Old clothes can add new meaning to giving

December 12, 1990|By Vida Roberts | Vida Roberts,Evening Sun Staff

THE DECEMBER displays and magazines make you sigh. They show firelit settings filled with precious old knick-knacks and soft cushions and fabrics. There they are, beautiful families dressed in velvets, silks and laces.

And there you are in the shops with gift list in hand. It's not very different from a few years past -- snappy shirt for dad, a trendy tie to put your husband in the fashion stakes, a nice blouse for mom and assorted socks and gloves to replace what the children have lost or outgrown.

You think back to former holidays and special moments in your family's life -- your little ones all dressed up in their first little red Christmas outfits that were bought or made by a loving grandmom.

You remember grandmother's visits. She always carried a hankie and always wore her good crystal necklace. You remember bringing him home for the holidays to meet the parents. He wore his letter sweater.

Well, stop pining for Ralph Lauren's or Laura Ashley's version of the holidays. Gather some of your family's old threads and weave them into gifts.

It helps to have inherited pack rat tendencies. Rummage through the storage boxes and dresser drawers. Call your parents. Think about it.

Shame on you, if you didn't save at least one little baby outfit. Not even the christening clothes?

We don't often admit it, but we all love to touch things from our earliest years. Your grownup child would love to get a huggable bear dressed in an outfit he wore as a baby. Bears can be found in sizes ranging from newborn to toddler, so fit shouldn't be a problem.

Did your husband win some swimming or debating medals when he was in school? He may still have them rattling around in a box somewhere. Maybe they're still with his mother. He may be embarrassed, but love the thought if you dress a bear in a small sweater (school colors if possible) and proudly display those medals on the bear's chest.

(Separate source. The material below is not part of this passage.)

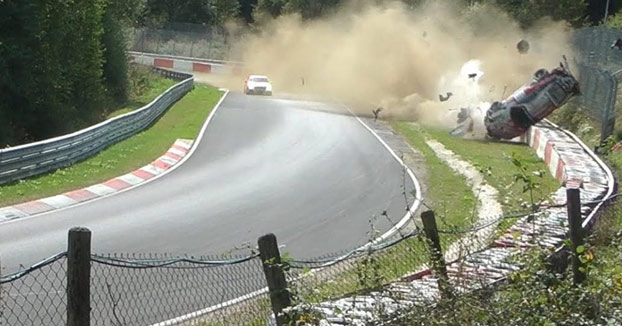 Vueltas de campana de un Porsche 911 GT3 en Nürburgring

Does you father's old Bulova or Hamilton idle at the bottom of a jewelry box? Get it overhauled by a jeweler. With the crystal polished, interior cleaned and a new leather strap it will become a wearable and memorable gift for a son or brother.

Treasured old lace collars, handkerchiefs, embroidered gloves and fancy buttons that once belonged to the great-aunts look more precious when mounted and arranged in a special frame. Framing can be a do-it-yourself project or passed on to a professional. Just be sure the mounting is on acid-free papers so that fragile fabrics don't disintegrate or discolor.

The old custom of bronzing baby shoes is new again. But why stop at baby shoes? Why not the running shoes your son wore when he won his first cross-country race? Or your ballerina's first toe shoes? People have even been known to bronze cowboy boots.

Check with a store that specializes in children's shoes. The price is based on the size of the objects.

Loving projects take time and there aren't many days left but some ideas can be wrapped and held for another holiday.